Le consentement à l’impôt : baromètre de la démocratie ?

Le vote de la motion de censure à l’Assemblée le mercredi 4 décembre, après le 49.3 visant le projet de loi de finances de la Sécurité sociale (PLFSS), et le vote du projet de loi spéciale au Parlement interroge l’un des essentiels de notre héritage post-révolutionnaire : le consentement à l’impôt. Mais qu’est-ce que c’est ?

Quel rapport entre le vote des projets de loi de finances (PLF) et le consentement, notion d’une actualité brûlante ? Idée révolutionnaire si l’en est, le consentement à l’impôt s’est imposé comme le principe de base pour déterminer la fiscalité des contribuables depuis la Révolution de 1789. Pourtant, la tendance semble s’inverser depuis quelques années. 

Les Lumières, origine du consentement du peuple 

Le consentement à l’impôt est une notion qui date, comme pour beaucoup d’autres principes fondateurs de notre démocratie, de l’époque des Lumières. Avant la Révolution, l’impôt fonctionnait par répartition. Sous l’Ancien Régime, le pouvoir dépensait sans se soucier du montant des recettes. L’État – ou le Roi seul, selon les périodes – répartissait l’impôt sur la base des dépenses de l’année, peu importe leur niveau. Pour assumer les dépenses, la charge fiscale était donc répartie sur les contribuables sans leur consentement.

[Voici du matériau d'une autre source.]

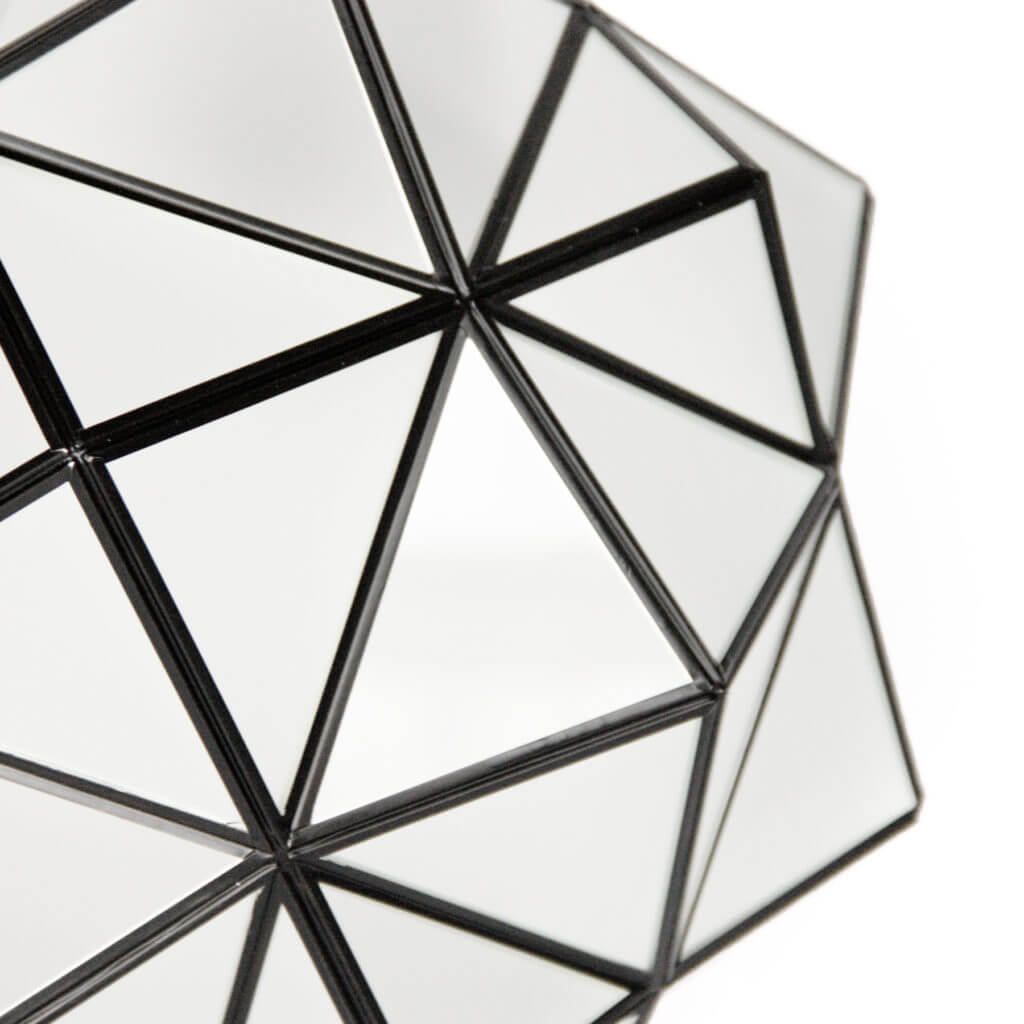 Rombus Pendant hover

À partir de la Révolution, les recettes du régime français ont basculé sur un impôt de quotité, soit l’inverse. Depuis 250 ans, le pouvoir exécutif demande d’abord l’accord sur les recettes, actuellement la première partie du PLF, avant de tabler sur les dépenses. En outre, le Parlement est désormais compétent pour consentir, pour la voix du peuple, à l’impôt requis.

Cette notion de consentement est sacralisée à l’article 14 de la Déclaration des droits de l’homme et du citoyen : 

Tous les Citoyens ont le droit de constater, par eux-mêmes ou par leurs représentants, la nécessité de la contribution publique, de la consentir librement d’en suivre l’emploi, et d’en déterminer la quotité, l’assiette, le recouvrement et la durée.”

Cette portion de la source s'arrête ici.